Lean is not “lean and mean.” It’s not about getting rid of people; instead, it looks at creating value for the customer and capacity utilizing existing talent. Lean is about satisfying customer demand in the right quantity and at the right time. This is called Just-in-time processing. Everything is based on the daily customer demand rhythm called Takt Time, A German term meaning cadence. If your process can deliver in less time than the customer requires, then the process has added-capacity. If your process cannot meet daily customer demand, then you are building a backlog.
Identifying the waste is easy, getting rid of it is the hard part and takes a team effort by the people that do the work. Getting these folks to come up with ideas to improve the process in small incremental steps is called Kaizen, and you are never done. Kaizen looks at eliminating the Seven Deadly Wastes. These include:
1. Overproduction: making more than what is needed, just-in-case we do not generate a product correctly. Fix the process instead to deliver precisely what you need.
2. Waiting and Delays: Feast or famine especially when your shipping department gets slammed with the end-ofthe- day rush.
3. Excess Inventory: Just-in-case the vendor doesn’t get it to us on time, or not having reliable lead times from the vendor.
4. Excess Movement: Poor office layout. Too many walls, high cubicles, silos-of-excellence.
5. Excess transportation: poor layout.
6. Defects and Rework: ill-trained or uninformed employees on what quality looks like.
7. Unnecessary Processes: Folding a full day’s worth of boxes “so you can get ahead.” Instead, fold for two hours and then move product for two hours. Batching accounts payable to Thursdays, producing all of the same work because we are painting the same color, updating employee birthdates in Human Resources to once a quarter, even though birthdays happen every day.
Finally, lean looks at balancing the workflow by eliminating batching and driving to one-piece flow. We included ten tips from one of our specialized SBDC Advisors to help jumpstart your Lean Initiative at your place of business:
1. Gain Executive Buy-in as an Enterprise-wide Strategic Initiative: It is not Joe or Sally’s way. It is learning the lean methodology and making it part of the fabric of your organization.

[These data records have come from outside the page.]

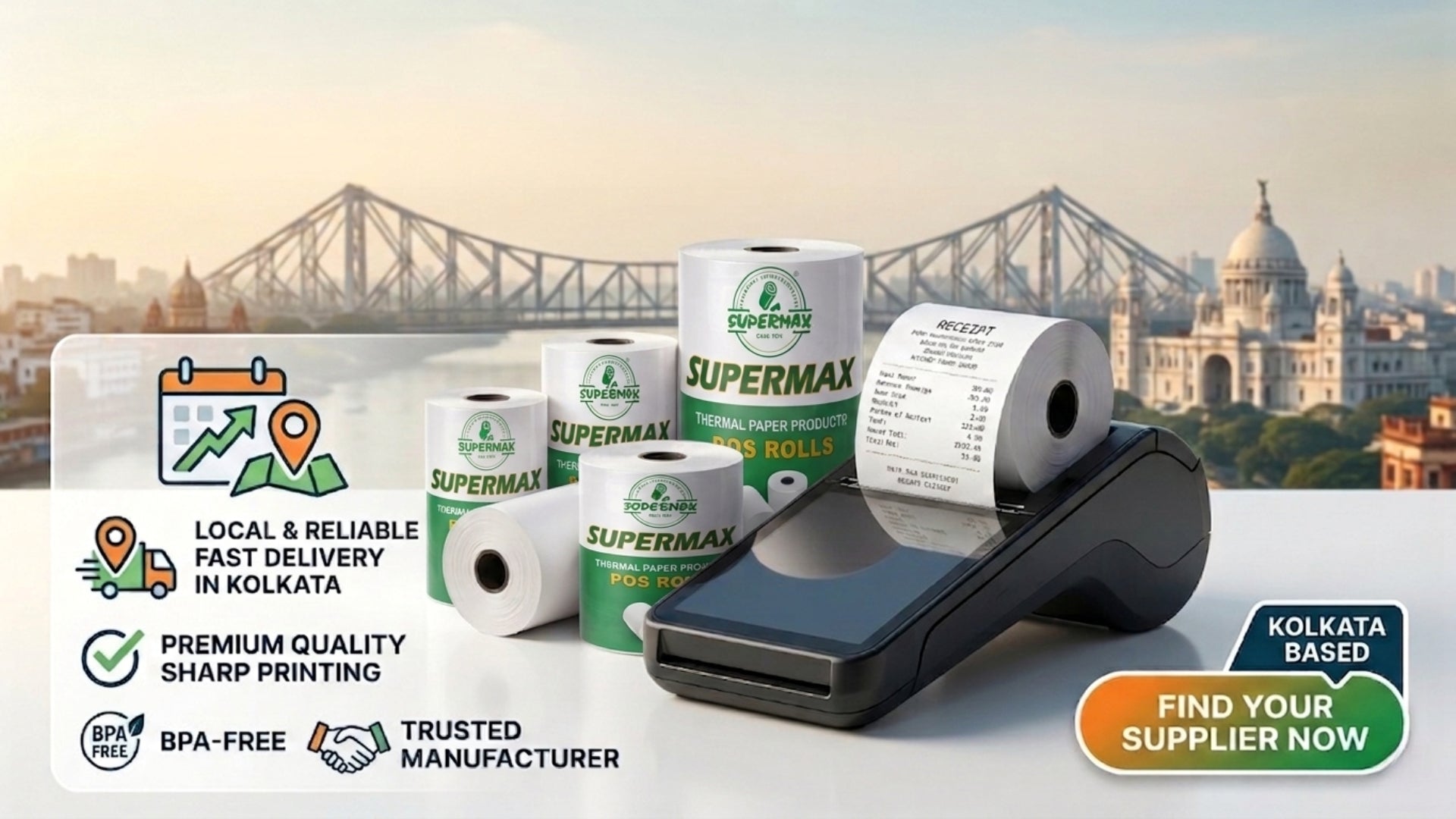 Best Thermal Paper Roll Manufacturer in Kolkata – High Quality POS &amp; Billing Rolls Supplier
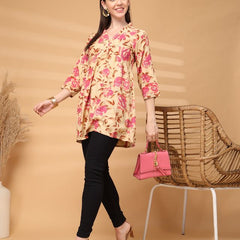 Largish Beige Floral Printed Kurta for Women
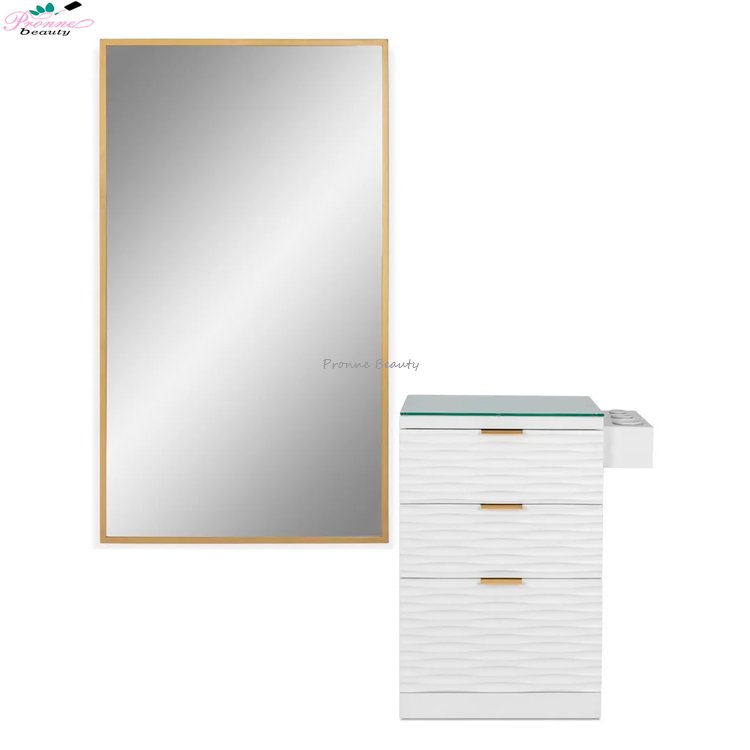 Factory wholesale salon station modern design wall large mirror for hair salon with trolley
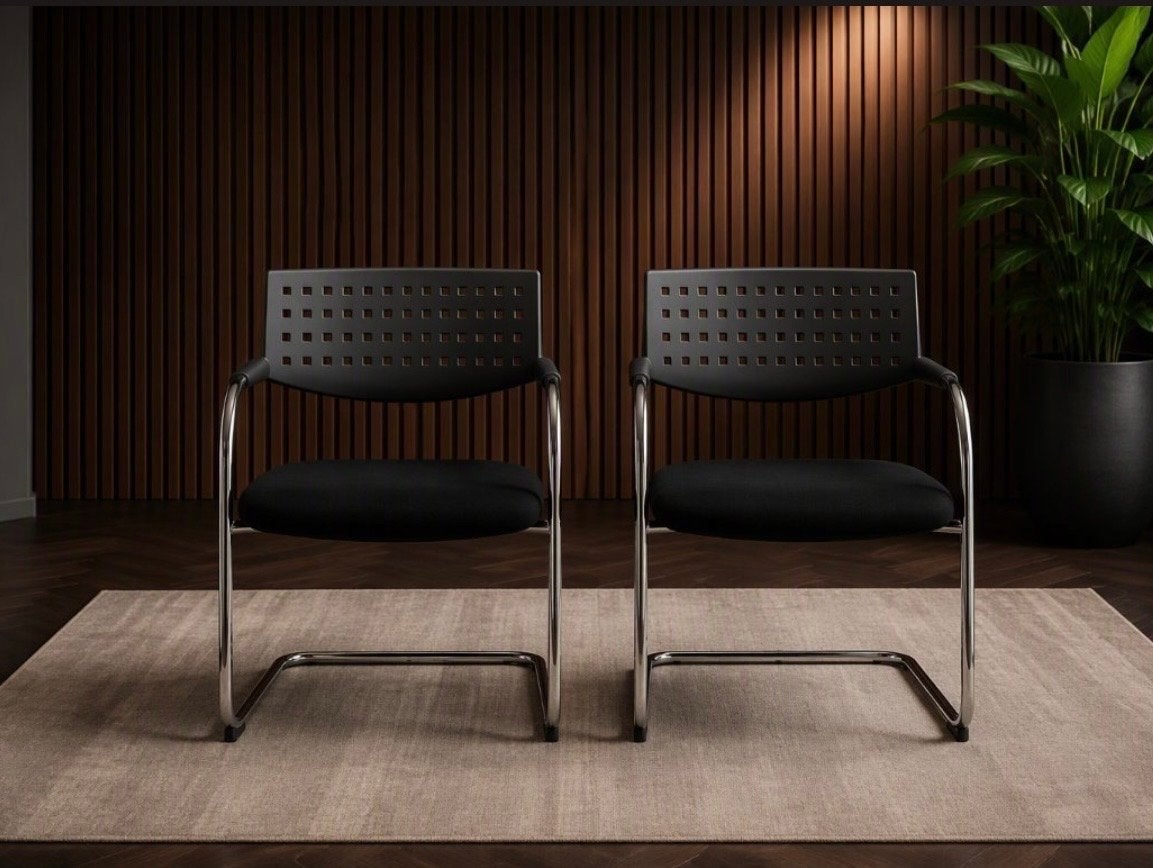 Vitra Visavis stoelen - Ontwerp Antonio Citterio (2 stuks), Twee, Zwart, Ophalen of Verzenden, Zo goed als nieuw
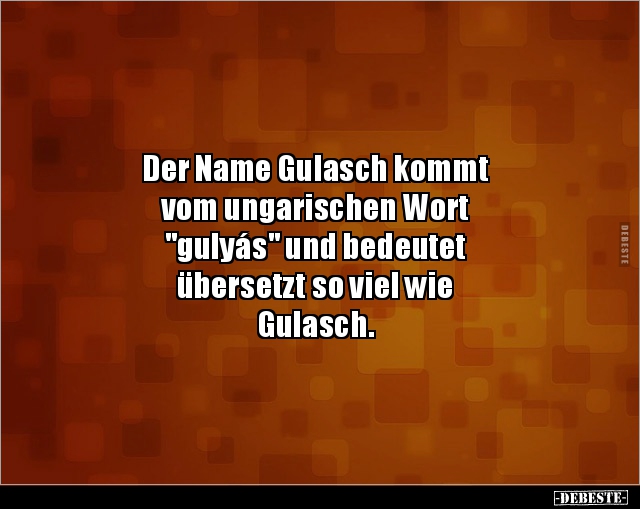 Der Name Gulasch kommt vom ungarischen Wort "gulyás".. - Lustige Bilder | DEBESTE.de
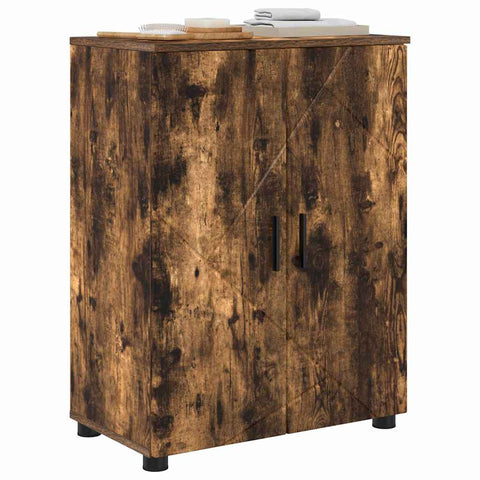 vidaXL Bathroom Cabinet Smoked oak 60 x 35 x 80 cm Engineered wood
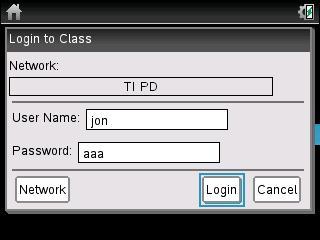 If the dialog box does not appear, have students press c > Settings > Login. 4.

2. Metrics Should be Measured and Public: Most organizations are “data-rich.” Learn what data is appropriate for you to start seeing patterns good or bad that you can track over time. If it can be measured, it can be improved.
3. Tie Individual Performance Goals to the desired outcomes.
4. Create cross-functional teams: Implement the improvements with these teams and make the outcomes interdependent to the reward. This way, people help each other out and the success one of one is tied to another’s.
5. Connect with HR: Involve your Human Resources department in reinforcing your desired behaviors.
6. Create an Internal Branding and Communications Campaign.
7. Conduct Improvement Projects: Conduct monthly improvement projects called Kaizen Activity with Cross-Functional Teams so people can get to know each other and learn about each other’s work.
8. Conduct Daily Executive “Walk-Abouts:” Each department should post their goals and objectives. During daily “walk-abouts” executives can then ask a department head or manager what resources they may need. This is not a time for in-depth examination; the action should provide guidance to department heads for respective goals,
demonstrate a commitment from the executive to supporting those goals, and be a mechanism for monitoring progress.
9. Setup Dedicated Lean Coordinators or Green-Belts and Black Belts.
10. Benchmark: Visit other factories, stores or facilities to learn how they do business.